White opal is easier to find, occurring in most opal fields, when white opal is cut a yield of 50% which means that 50% is Kept and 50% is lost, This is ten times better than the yield from cutting black and boulder opal.
Crystal opal is pure hydrated silica; it is translucent so you can see straight through it. It exhibits three of the things that are look for when valuing an opal. Prefered color to be multi-directional, so you can see color from all different angles, the second thing prefered is large blocks of color and the third thing is strong play of color that shows up in the dark.
The best way to test the play of color of the opal is to give it the “miner’s test” by holding it out of the light in the shadows. Under the table is a good place because a real gem will still shine even though it is out of the direct light.
Boulder Opal (Photo Attached to this Blog)

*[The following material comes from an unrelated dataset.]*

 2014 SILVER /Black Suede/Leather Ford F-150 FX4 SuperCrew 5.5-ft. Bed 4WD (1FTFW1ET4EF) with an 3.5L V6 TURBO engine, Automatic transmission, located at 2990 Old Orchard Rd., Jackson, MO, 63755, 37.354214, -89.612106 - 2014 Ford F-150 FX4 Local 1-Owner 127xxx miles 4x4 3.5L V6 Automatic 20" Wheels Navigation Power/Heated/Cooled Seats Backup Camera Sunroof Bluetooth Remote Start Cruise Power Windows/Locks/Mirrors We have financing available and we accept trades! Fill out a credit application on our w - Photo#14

The boulder opal is one of the rarest and most valuable forms of opal found in Australia and makes up less than 5 % of opal mined. It is very sparsely distributed through South West Queensland. It is predicted that boulder opal is going to run out in the next 10 years because of the difficulty clearing Native Title and EPA requirements of rehabilitation. It’s formed in the cracks and crevices of the ironstone boulders in gel form thousands of years ago and with the passing of centuries this jelly opal turned. Boulder opal occurs as a filling between the concentric layers or in random crevices in the ironstone. The boulder opal has a high loss factor when cutting, the yield is only 5% and has a rock waste factor of 95%. It is also the only opal suggestested to run out within the next 5 to 10 years and with the value (“it is suggested”) increasing by 15-25% each year. The boulder opal can certainly make a sound long term investment.
The most valuable and popular of all opals is Black opal. Black opal accounts for around 5% and is found at Lightning Ridge in Northern NSW. It is called Black opal because it has a black base caused by black or grey iron oxide impurities in the opal. The color bar or the ‘play of color’ of Black opal comes in all the colors of a rainbow with red being the rarest and most expensive. A Black opal is Crystal opal with iron oxide in the back. It can be grey through to very black. This black potch or common opal has no value unless you find a color bar on top of it. It’s all about the evidence you get when you cut rough opal, you find a little piece of color on the side and you take off the top layer of potch (common opal) and you hope the opal faces up. Then you take off the skin of the stone and you hope you get a face with nice color. Often it looks very nice on the side but not on the face, that is the risk you take in cutting black opal. The yield when you cut black or Boulder opal is 5% that means you lose 95% of the opal, it is very risky to buy rough black opal and cut it.